For every line in the material, produce an exact copy.

Provided material
____

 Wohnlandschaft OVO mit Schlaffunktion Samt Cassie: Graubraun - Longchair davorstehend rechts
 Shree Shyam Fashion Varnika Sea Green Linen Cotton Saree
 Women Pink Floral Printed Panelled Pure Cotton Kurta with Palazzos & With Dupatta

____

Response
 Wohnlandschaft OVO mit Schlaffunktion Samt Cassie: Graubraun - Longchair davorstehend rechts
 Shree Shyam Fashion Varnika Sea Green Linen Cotton Saree
 Women Pink Floral Printed Panelled Pure Cotton Kurta with Palazzos & With Dupatta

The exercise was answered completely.